* YOUR INSTRUCTIONS: Set down the data below from its first line to the line holding "So we wrote", inclusive; omit all pictures.

Stored records
..........

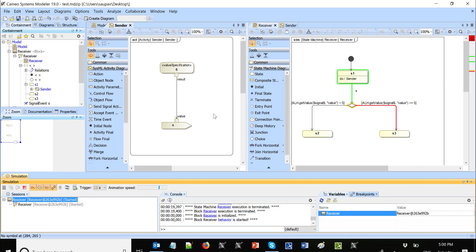So that's the way how to send the signal with the property, capture that property, and then based on the property value, do one or another decision.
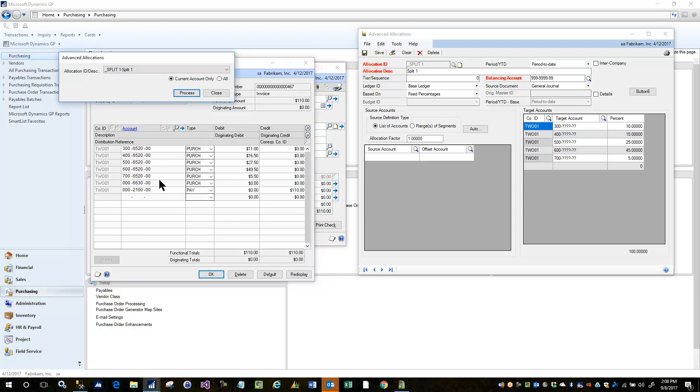So again, let's go ahead and process, and you can see the result. And there you have it. Thank you very much.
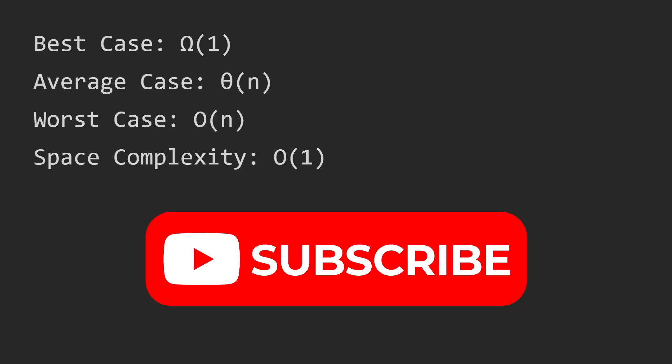In the next video we will discuss binary search which is faster than linear search. So if you found this video helpful don't forget to like and subscribe. See you in the next video.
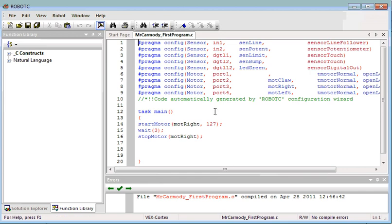So we wrote our first program. Now our second program we're going to write is a program that's going to exercise every component on our testbed. This will make sure that everything is plugged in correctly.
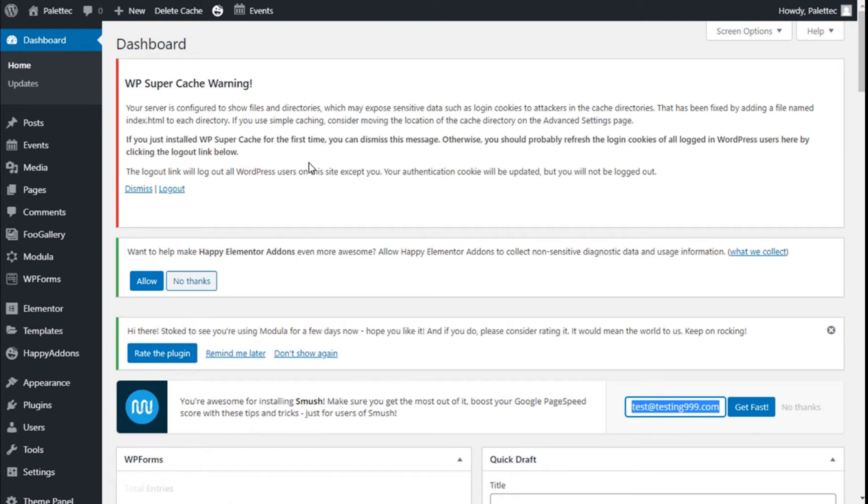Hello, this is Chris from Palatec. In this video we are going to learn how to add some animated text to our site using the Essential Addons for Elementor plugin and the Elementor page builder.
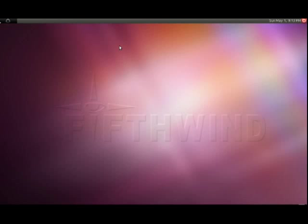Today I installed Ubuntu 11.04 Natty Narwhal. It comes with a new Unity interface that, quite frankly, kind of sucks. Functionality on it is just terrible.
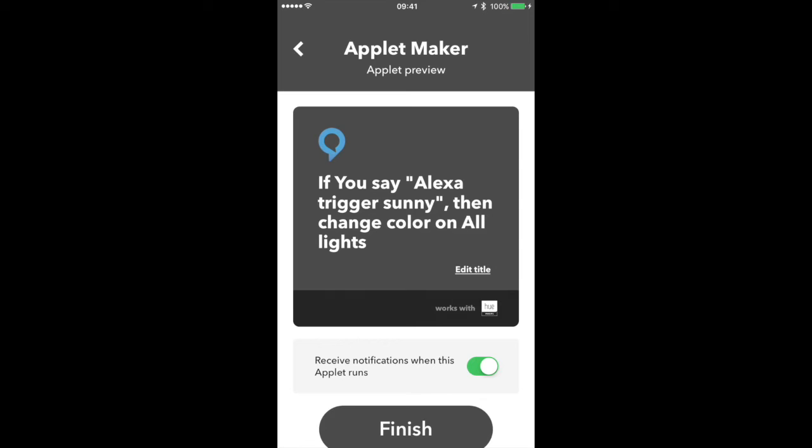All right, so there it is. If I say trigger sunny, then all the colors will change to that specific color or code, right? So you can make as many as you want of these. You can have one for whatever color, the ones you use the most for your lighting. In this way, it's a way to kind of set the scene, right? Because right now the Alexa skill for the Hue apparently isn't working very well for the scene. So this is one way to get around that.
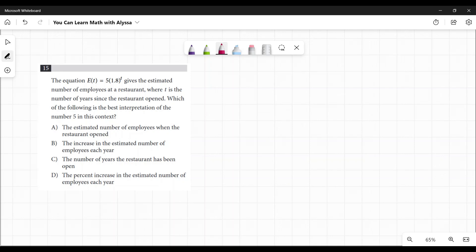They're saying interpretation because they're not quite giving you enough information to know for sure, but we can guess. So T is the number of years and T is that exponential. So we have this 1.8 to the power of T.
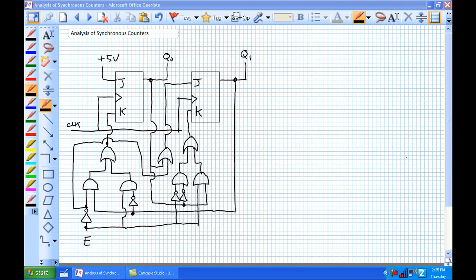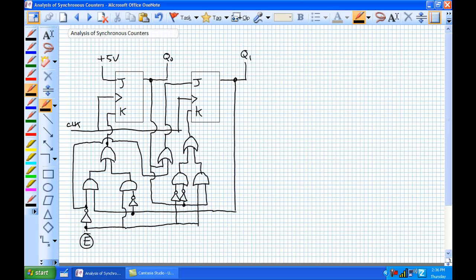We have this giant conglomeration of stuff here. We've got two JK flip-flops. It looks like they are hooked up in a synchronous manner, and rather than being in toggle mode, our J's and K's have logic hooked to them. Not only do they have logic hooked to them, they're dependent upon the present state of the JK flip-flops — Q0 and Q1. They're also dependent on an external input, E.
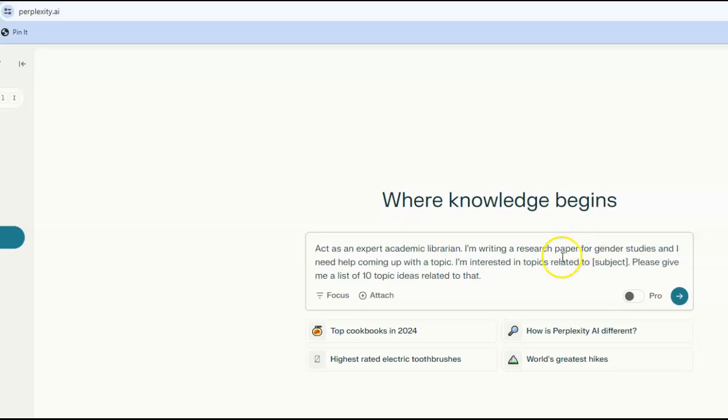I will substitute gender studies for course and politicians for subject.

..........

* SOLUTION FOR THIS EXERCISE:
So that's the way how to send the signal with the property, capture that property, and then based on the property value, do one or another decision.
So again, let's go ahead and process, and you can see the result. And there you have it. Thank you very much.
In the next video we will discuss binary search which is faster than linear search. So if you found this video helpful don't forget to like and subscribe. See you in the next video.
So we wrote our first program. Now our second program we're going to write is a program that's going to exercise every component on our testbed. This will make sure that everything is plugged in correctly.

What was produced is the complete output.